ABOUT THIS EXERCISE
Transcribe only the lines from the one containing "ICP CON RS-232" through the final line of the entries below, exactly, and exclude the pictures.

DATA TO PROCESS
********

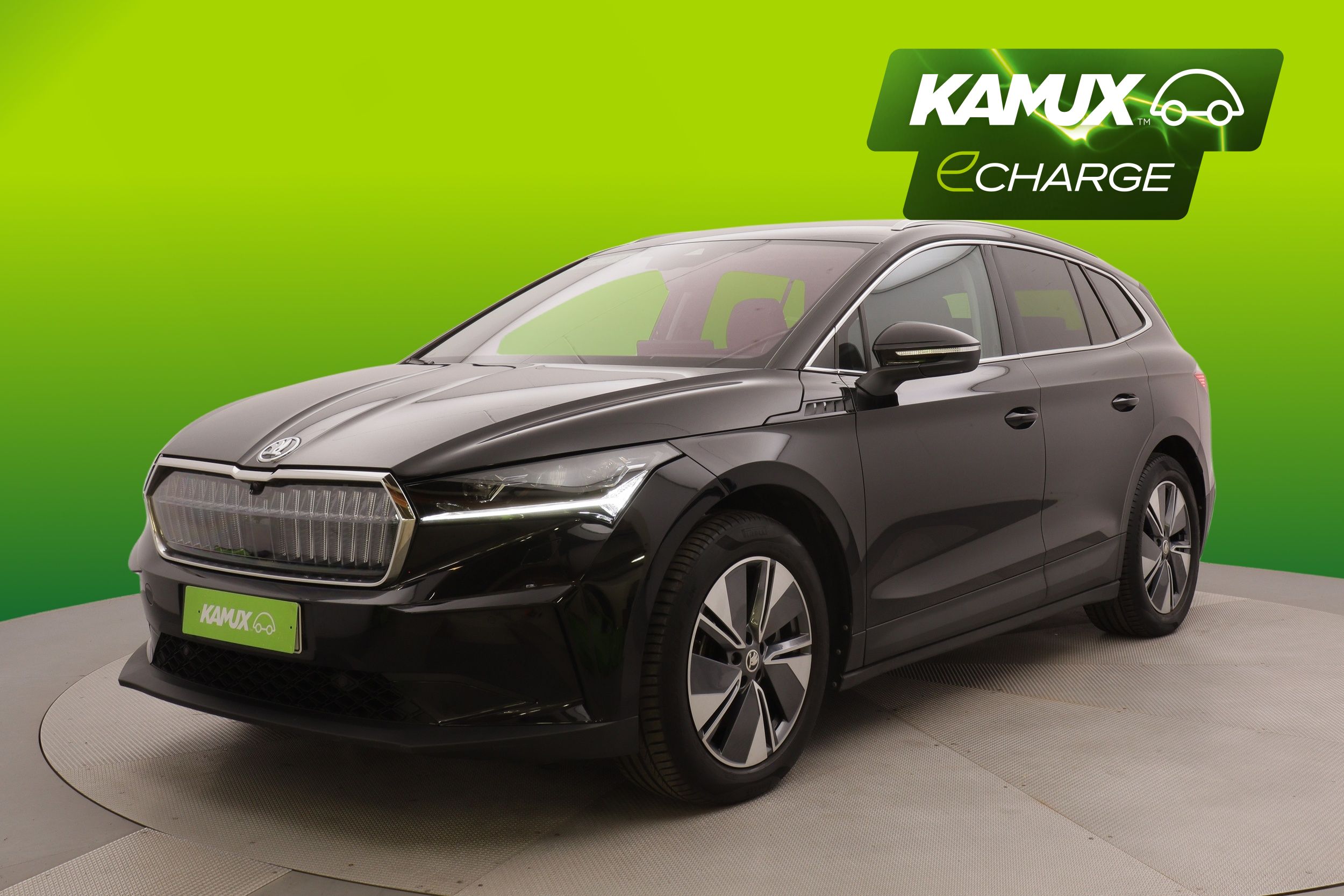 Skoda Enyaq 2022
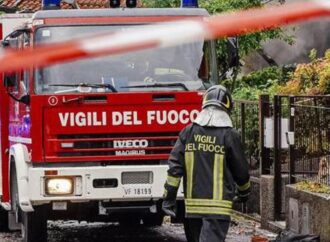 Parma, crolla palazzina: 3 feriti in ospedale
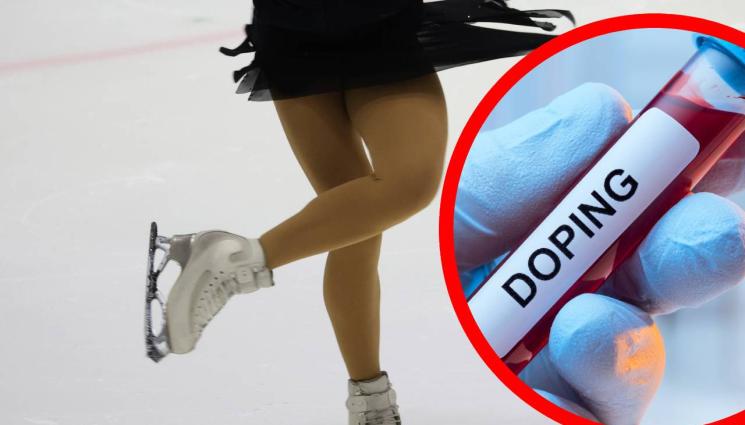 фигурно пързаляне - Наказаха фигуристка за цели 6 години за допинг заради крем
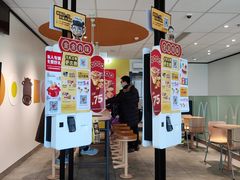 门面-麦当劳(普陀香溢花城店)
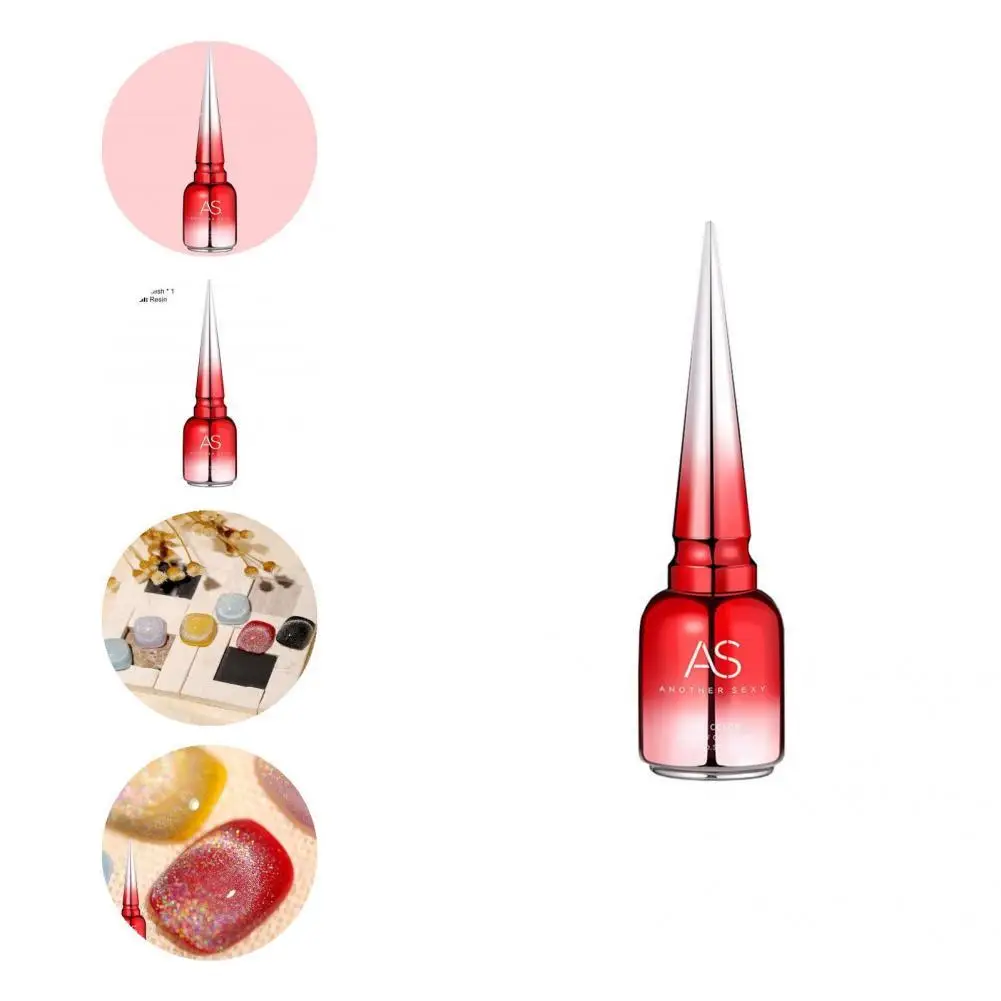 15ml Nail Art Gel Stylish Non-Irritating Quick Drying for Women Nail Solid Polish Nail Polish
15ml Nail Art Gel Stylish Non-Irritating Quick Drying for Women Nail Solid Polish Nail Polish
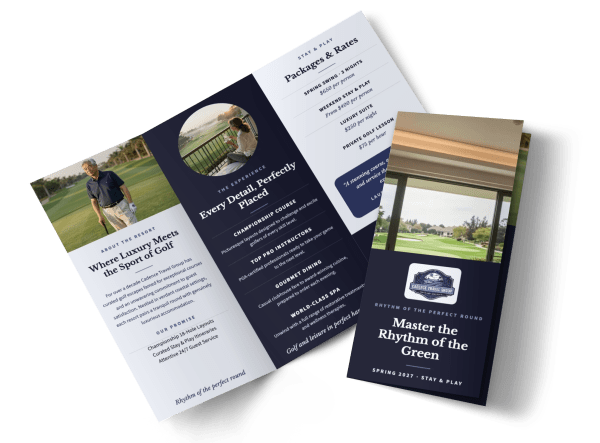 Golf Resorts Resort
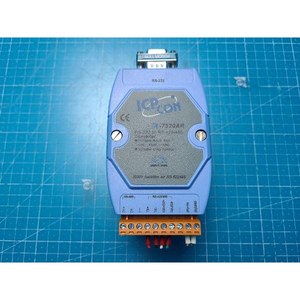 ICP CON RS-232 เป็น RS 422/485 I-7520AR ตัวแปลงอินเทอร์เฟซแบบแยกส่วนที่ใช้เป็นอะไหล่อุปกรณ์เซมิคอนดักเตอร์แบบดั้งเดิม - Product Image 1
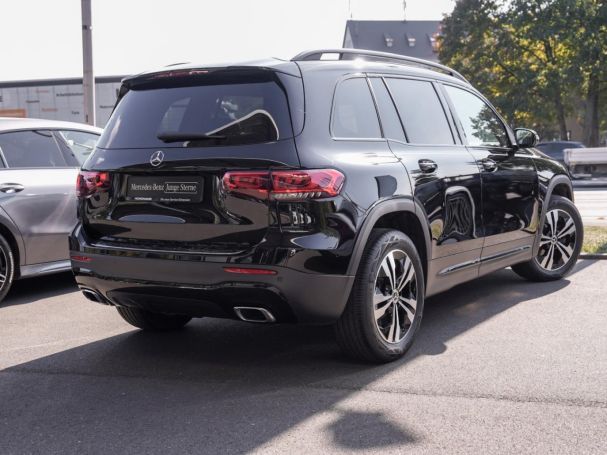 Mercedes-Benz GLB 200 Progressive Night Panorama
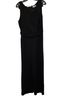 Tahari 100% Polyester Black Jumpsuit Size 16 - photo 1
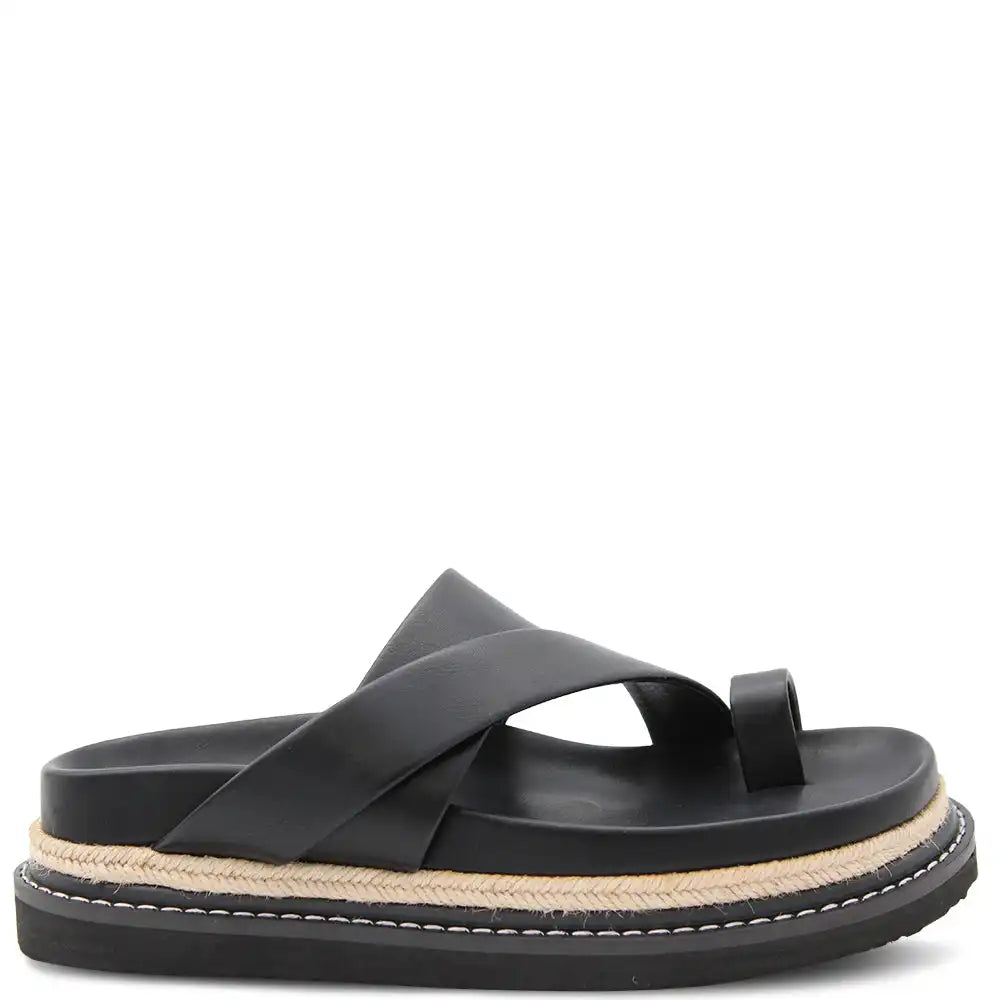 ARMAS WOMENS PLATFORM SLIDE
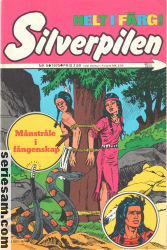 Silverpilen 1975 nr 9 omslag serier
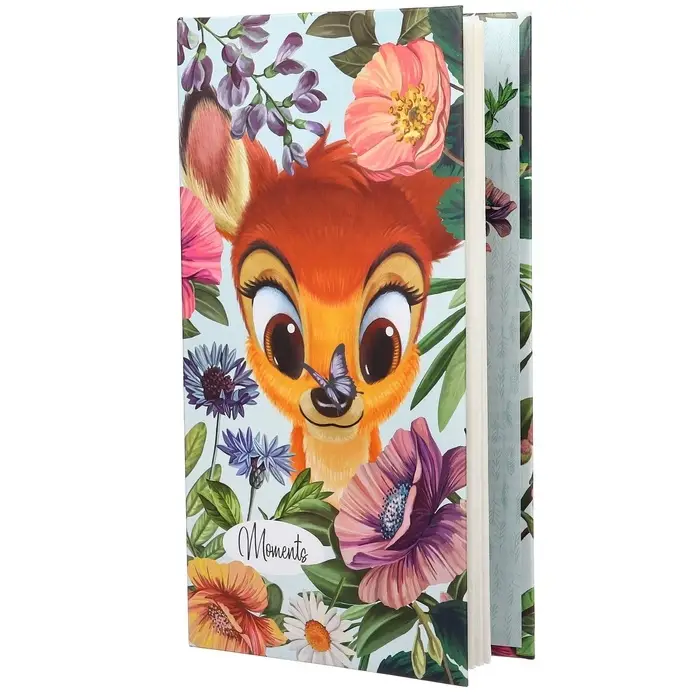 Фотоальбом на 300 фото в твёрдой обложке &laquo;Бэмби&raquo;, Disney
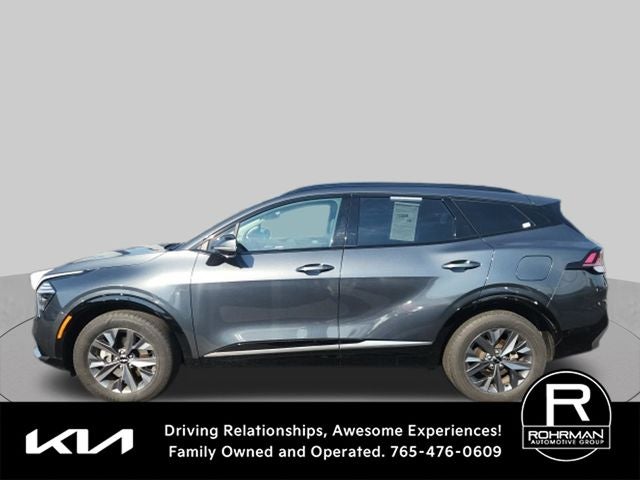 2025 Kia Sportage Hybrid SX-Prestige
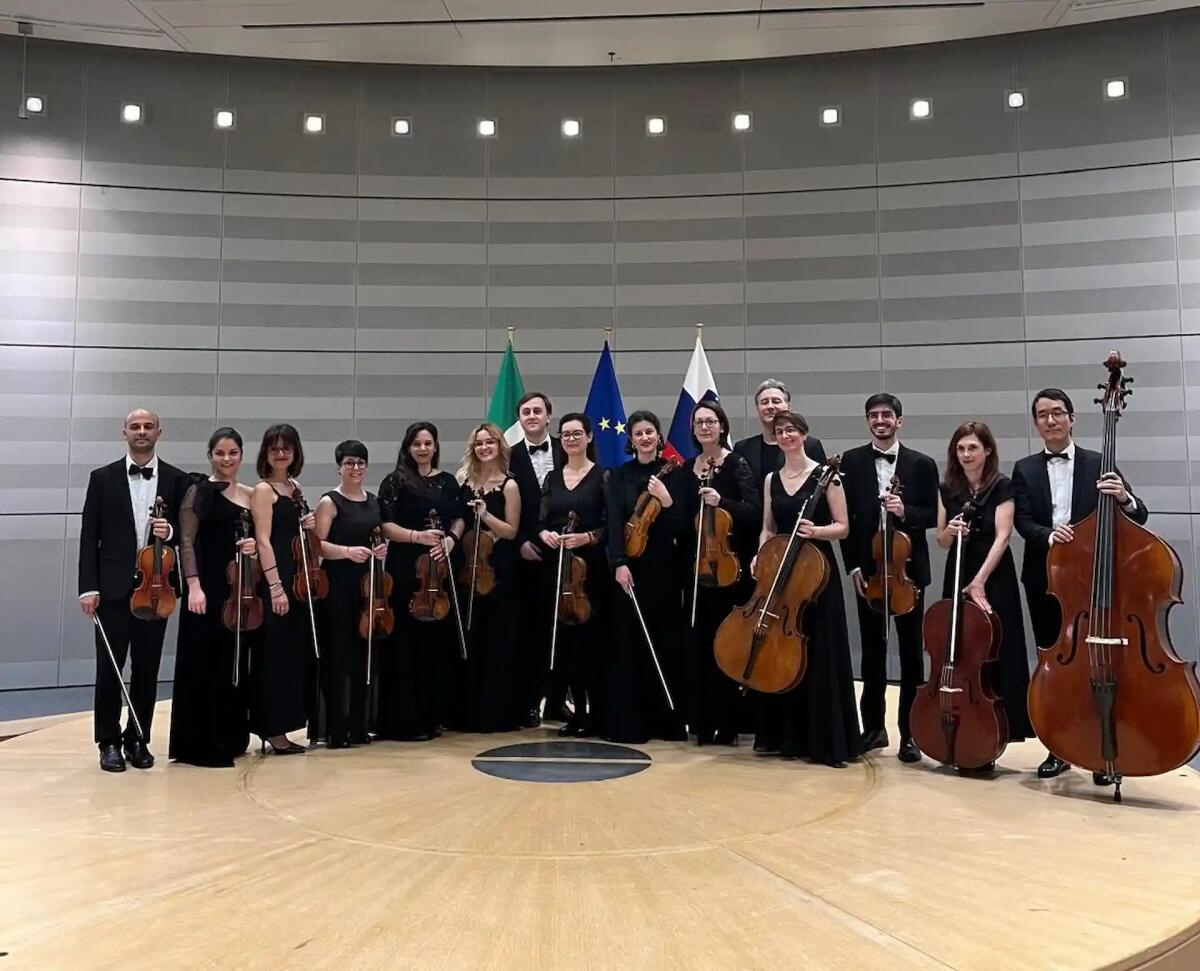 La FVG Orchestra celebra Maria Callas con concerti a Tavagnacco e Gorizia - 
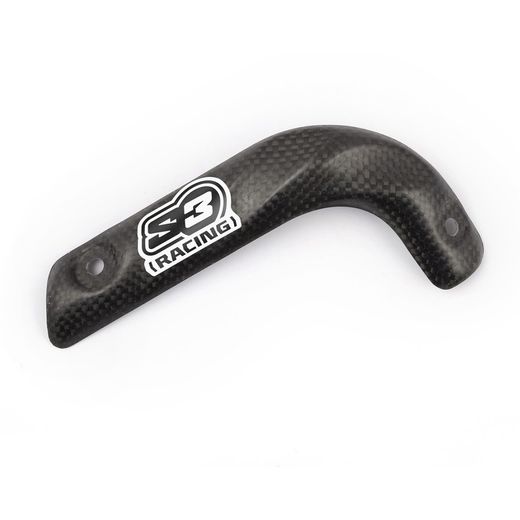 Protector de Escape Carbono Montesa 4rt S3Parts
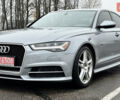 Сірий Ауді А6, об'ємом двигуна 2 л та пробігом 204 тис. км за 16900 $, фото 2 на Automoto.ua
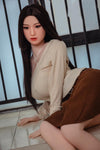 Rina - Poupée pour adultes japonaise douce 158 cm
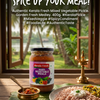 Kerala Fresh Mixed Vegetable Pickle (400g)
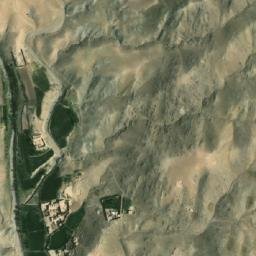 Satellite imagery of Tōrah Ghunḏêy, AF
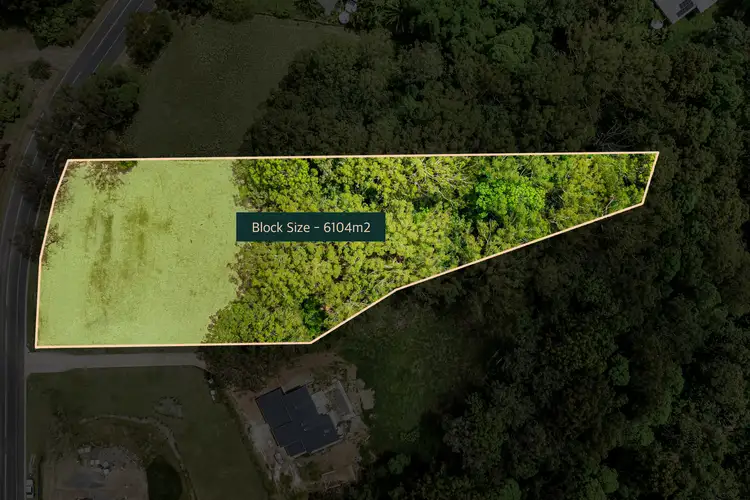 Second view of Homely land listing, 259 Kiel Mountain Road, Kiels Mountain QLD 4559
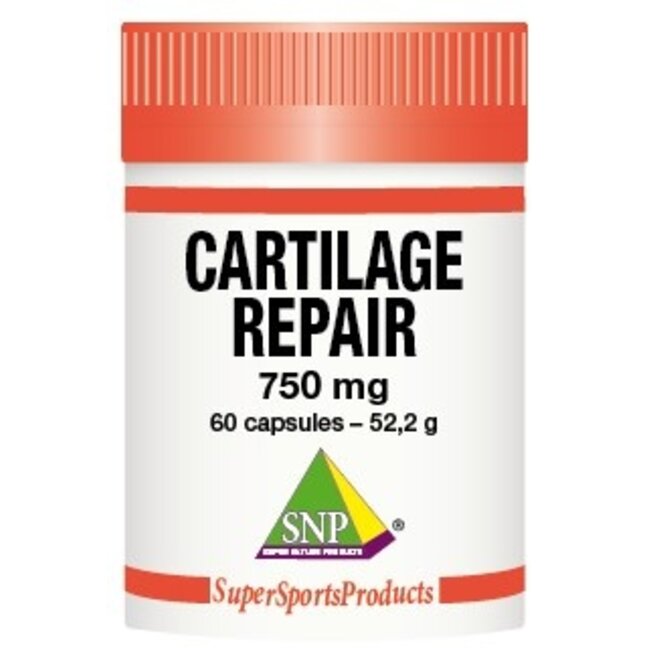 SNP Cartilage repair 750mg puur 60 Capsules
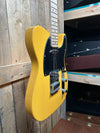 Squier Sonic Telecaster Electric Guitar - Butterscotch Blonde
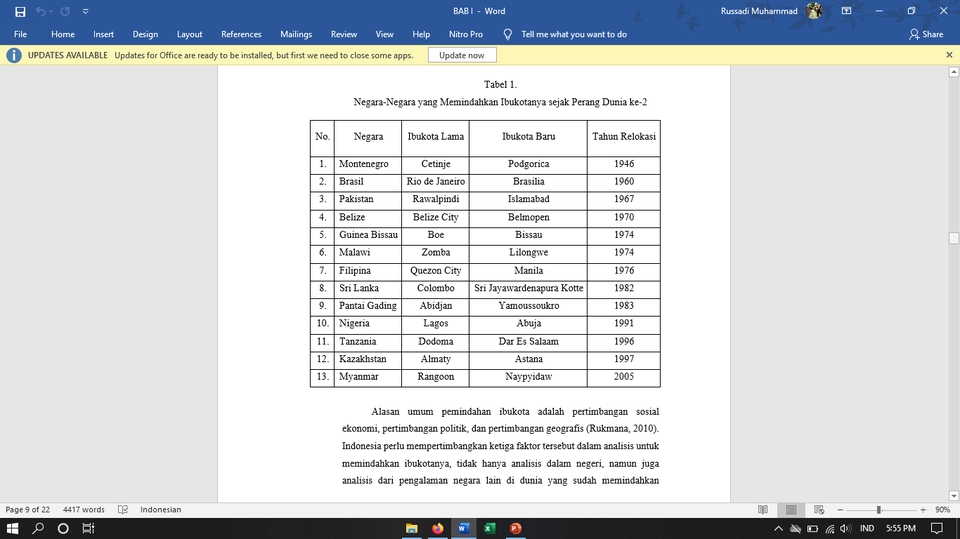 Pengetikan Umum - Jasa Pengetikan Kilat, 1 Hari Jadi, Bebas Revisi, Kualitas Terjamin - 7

********

RESPONSE TO THIS EXERCISE
 ICP CON RS-232 เป็น RS 422/485 I-7520AR ตัวแปลงอินเทอร์เฟซแบบแยกส่วนที่ใช้เป็นอะไหล่อุปกรณ์เซมิคอนดักเตอร์แบบดั้งเดิม - Product Image 1
 Mercedes-Benz GLB 200 Progressive Night Panorama
 Tahari 100% Polyester Black Jumpsuit Size 16 - photo 1
 ARMAS WOMENS PLATFORM SLIDE
 Silverpilen 1975 nr 9 omslag serier
 Фотоальбом на 300 фото в твёрдой обложке &laquo;Бэмби&raquo;, Disney
 2025 Kia Sportage Hybrid SX-Prestige
 La FVG Orchestra celebra Maria Callas con concerti a Tavagnacco e Gorizia - 
 Protector de Escape Carbono Montesa 4rt S3Parts
 Сірий Ауді А6, об'ємом двигуна 2 л та пробігом 204 тис. км за 16900 $, фото 2 на Automoto.ua
 Rina - Poupée pour adultes japonaise douce 158 cm
 Kerala Fresh Mixed Vegetable Pickle (400g)
 Satellite imagery of Tōrah Ghunḏêy, AF
 Second view of Homely land listing, 259 Kiel Mountain Road, Kiels Mountain QLD 4559
 SNP Cartilage repair 750mg puur 60 Capsules
 Squier Sonic Telecaster Electric Guitar - Butterscotch Blonde
 Pengetikan Umum - Jasa Pengetikan Kilat, 1 Hari Jadi, Bebas Revisi, Kualitas Terjamin - 7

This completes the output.